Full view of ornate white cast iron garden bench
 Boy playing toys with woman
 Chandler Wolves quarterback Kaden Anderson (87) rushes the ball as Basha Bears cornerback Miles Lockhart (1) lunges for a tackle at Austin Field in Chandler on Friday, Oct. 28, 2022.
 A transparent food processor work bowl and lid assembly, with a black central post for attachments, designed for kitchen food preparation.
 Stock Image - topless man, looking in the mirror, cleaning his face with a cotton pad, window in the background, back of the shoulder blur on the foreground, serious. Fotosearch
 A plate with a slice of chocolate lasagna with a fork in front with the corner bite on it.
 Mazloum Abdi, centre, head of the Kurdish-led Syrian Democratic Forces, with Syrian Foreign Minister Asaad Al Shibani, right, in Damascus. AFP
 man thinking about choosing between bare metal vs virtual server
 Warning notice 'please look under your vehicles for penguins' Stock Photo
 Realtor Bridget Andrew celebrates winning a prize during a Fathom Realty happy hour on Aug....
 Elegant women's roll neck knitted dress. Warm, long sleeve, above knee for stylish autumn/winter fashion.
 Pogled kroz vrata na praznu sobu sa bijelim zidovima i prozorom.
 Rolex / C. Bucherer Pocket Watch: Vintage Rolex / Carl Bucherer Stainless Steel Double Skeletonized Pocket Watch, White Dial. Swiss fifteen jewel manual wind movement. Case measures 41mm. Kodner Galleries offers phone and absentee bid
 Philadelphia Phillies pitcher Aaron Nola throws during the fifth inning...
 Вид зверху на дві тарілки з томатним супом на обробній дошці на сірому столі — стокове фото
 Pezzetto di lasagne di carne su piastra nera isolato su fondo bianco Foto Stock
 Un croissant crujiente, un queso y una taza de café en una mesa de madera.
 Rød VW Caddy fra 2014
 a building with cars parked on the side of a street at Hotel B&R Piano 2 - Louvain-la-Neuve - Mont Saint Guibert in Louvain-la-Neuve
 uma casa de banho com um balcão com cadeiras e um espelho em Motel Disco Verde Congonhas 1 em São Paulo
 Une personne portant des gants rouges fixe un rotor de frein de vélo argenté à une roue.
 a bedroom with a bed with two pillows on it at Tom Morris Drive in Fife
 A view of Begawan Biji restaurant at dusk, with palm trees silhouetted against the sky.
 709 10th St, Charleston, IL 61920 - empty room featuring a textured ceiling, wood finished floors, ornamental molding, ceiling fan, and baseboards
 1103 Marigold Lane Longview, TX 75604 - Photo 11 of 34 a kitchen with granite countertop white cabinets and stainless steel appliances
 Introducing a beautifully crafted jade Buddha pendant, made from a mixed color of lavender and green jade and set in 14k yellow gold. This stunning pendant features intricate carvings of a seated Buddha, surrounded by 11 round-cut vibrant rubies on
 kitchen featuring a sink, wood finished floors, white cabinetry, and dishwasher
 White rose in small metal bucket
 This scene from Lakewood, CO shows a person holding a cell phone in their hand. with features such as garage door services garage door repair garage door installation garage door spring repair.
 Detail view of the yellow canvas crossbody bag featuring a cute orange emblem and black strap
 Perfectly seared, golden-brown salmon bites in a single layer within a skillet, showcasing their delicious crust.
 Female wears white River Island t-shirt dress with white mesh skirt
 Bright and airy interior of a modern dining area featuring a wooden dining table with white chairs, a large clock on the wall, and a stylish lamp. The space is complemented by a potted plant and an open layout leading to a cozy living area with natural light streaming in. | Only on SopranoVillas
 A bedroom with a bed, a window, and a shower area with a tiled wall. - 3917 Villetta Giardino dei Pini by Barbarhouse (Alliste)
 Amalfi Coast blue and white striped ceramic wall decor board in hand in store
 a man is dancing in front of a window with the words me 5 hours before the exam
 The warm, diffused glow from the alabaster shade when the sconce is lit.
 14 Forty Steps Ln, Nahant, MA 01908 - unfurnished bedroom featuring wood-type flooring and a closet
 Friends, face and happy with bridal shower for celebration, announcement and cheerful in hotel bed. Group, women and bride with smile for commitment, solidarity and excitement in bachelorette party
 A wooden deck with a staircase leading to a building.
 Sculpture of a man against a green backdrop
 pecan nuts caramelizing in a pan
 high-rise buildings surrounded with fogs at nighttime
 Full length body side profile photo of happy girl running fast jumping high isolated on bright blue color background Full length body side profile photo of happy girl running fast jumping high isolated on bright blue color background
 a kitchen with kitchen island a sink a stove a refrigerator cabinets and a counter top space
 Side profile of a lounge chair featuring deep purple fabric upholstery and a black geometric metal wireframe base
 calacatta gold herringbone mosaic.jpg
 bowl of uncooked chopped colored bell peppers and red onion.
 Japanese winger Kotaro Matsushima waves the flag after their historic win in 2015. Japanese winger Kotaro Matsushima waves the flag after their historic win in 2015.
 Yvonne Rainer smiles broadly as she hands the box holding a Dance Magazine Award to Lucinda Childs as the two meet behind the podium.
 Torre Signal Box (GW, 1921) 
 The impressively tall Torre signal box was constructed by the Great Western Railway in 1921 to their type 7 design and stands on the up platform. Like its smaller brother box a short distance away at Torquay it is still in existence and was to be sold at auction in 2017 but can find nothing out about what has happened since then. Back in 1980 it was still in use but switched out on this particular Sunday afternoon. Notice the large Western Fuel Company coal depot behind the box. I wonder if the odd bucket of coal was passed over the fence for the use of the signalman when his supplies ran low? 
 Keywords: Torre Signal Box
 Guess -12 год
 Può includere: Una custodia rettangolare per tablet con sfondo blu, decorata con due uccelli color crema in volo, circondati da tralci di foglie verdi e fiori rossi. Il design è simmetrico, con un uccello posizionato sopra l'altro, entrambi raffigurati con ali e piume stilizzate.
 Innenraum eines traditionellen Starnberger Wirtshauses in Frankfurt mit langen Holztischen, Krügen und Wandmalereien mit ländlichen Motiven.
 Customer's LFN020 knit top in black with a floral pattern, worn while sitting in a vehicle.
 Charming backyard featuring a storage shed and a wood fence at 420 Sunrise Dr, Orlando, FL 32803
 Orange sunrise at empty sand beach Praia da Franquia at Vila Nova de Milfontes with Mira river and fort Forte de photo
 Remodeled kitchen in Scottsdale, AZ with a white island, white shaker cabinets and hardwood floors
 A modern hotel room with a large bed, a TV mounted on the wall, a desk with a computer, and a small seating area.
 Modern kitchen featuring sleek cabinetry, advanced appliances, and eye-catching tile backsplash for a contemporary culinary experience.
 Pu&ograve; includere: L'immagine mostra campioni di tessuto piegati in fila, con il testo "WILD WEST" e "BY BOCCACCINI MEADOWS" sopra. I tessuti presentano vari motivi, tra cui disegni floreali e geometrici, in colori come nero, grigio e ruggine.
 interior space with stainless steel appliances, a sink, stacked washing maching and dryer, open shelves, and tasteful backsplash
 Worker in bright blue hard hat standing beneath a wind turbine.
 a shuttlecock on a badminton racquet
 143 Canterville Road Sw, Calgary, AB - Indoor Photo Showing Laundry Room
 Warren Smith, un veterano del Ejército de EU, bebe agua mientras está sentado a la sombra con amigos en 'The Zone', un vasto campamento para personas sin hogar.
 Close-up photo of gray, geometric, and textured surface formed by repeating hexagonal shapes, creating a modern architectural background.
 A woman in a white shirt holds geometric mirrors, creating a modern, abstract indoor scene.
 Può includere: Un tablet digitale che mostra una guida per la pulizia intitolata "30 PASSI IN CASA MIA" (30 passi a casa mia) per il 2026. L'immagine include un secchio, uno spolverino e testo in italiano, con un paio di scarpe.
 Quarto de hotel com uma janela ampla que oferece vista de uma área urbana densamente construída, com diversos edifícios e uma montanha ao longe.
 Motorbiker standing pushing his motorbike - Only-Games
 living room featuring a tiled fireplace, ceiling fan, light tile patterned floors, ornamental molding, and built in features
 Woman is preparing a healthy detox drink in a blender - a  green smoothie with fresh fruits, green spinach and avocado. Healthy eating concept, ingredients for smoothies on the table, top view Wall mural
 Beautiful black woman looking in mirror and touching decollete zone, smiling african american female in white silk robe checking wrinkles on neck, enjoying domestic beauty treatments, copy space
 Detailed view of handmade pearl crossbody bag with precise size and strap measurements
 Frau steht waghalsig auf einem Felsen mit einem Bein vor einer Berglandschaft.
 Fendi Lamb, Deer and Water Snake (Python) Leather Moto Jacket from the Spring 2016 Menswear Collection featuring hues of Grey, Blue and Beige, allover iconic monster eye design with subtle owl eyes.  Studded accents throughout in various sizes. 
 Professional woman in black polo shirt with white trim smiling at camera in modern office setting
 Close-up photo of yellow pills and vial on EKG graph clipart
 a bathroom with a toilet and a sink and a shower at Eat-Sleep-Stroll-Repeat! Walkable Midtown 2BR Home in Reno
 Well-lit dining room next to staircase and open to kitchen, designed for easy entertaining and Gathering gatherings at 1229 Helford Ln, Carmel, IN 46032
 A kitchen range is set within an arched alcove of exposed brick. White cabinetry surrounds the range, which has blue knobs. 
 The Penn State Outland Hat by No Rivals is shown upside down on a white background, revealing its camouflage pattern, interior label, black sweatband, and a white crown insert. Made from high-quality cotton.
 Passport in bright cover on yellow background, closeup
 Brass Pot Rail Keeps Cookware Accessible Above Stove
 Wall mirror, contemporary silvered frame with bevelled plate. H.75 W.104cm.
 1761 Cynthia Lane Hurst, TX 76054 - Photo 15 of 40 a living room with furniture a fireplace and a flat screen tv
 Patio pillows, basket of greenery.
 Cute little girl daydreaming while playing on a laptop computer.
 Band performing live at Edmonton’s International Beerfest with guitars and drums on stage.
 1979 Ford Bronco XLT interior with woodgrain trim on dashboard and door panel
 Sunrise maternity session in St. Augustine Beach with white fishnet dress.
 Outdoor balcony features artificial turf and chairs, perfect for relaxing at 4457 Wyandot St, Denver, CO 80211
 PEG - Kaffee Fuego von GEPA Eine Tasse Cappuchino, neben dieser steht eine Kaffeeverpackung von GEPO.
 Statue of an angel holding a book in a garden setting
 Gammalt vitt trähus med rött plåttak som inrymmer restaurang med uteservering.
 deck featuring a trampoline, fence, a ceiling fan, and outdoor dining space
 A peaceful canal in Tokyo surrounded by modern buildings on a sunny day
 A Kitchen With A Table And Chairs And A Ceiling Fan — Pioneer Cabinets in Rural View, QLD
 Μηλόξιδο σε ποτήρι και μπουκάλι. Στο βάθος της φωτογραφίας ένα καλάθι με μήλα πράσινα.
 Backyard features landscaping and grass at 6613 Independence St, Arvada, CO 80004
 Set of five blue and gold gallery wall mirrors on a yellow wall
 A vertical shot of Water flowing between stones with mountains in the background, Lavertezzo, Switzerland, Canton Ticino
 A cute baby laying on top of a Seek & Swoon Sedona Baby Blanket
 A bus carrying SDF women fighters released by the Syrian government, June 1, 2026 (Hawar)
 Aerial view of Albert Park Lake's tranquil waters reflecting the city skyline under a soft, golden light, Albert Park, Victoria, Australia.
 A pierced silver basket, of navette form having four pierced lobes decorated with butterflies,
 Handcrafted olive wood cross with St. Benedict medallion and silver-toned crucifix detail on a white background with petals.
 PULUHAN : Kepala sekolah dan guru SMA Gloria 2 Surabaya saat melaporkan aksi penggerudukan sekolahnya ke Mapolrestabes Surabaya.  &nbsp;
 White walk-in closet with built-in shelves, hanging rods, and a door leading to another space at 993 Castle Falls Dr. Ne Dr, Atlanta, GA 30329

- _Exercise aim_:
What do the lines above say from the one containing "Вид зверху на" down to the one containing "a building with"? Return them exactly, both end lines included, and only them.

- _Answer to this task_:
 Вид зверху на дві тарілки з томатним супом на обробній дошці на сірому столі — стокове фото
 Pezzetto di lasagne di carne su piastra nera isolato su fondo bianco Foto Stock
 Un croissant crujiente, un queso y una taza de café en una mesa de madera.
 Rød VW Caddy fra 2014
 a building with cars parked on the side of a street at Hotel B&R Piano 2 - Louvain-la-Neuve - Mont Saint Guibert in Louvain-la-Neuve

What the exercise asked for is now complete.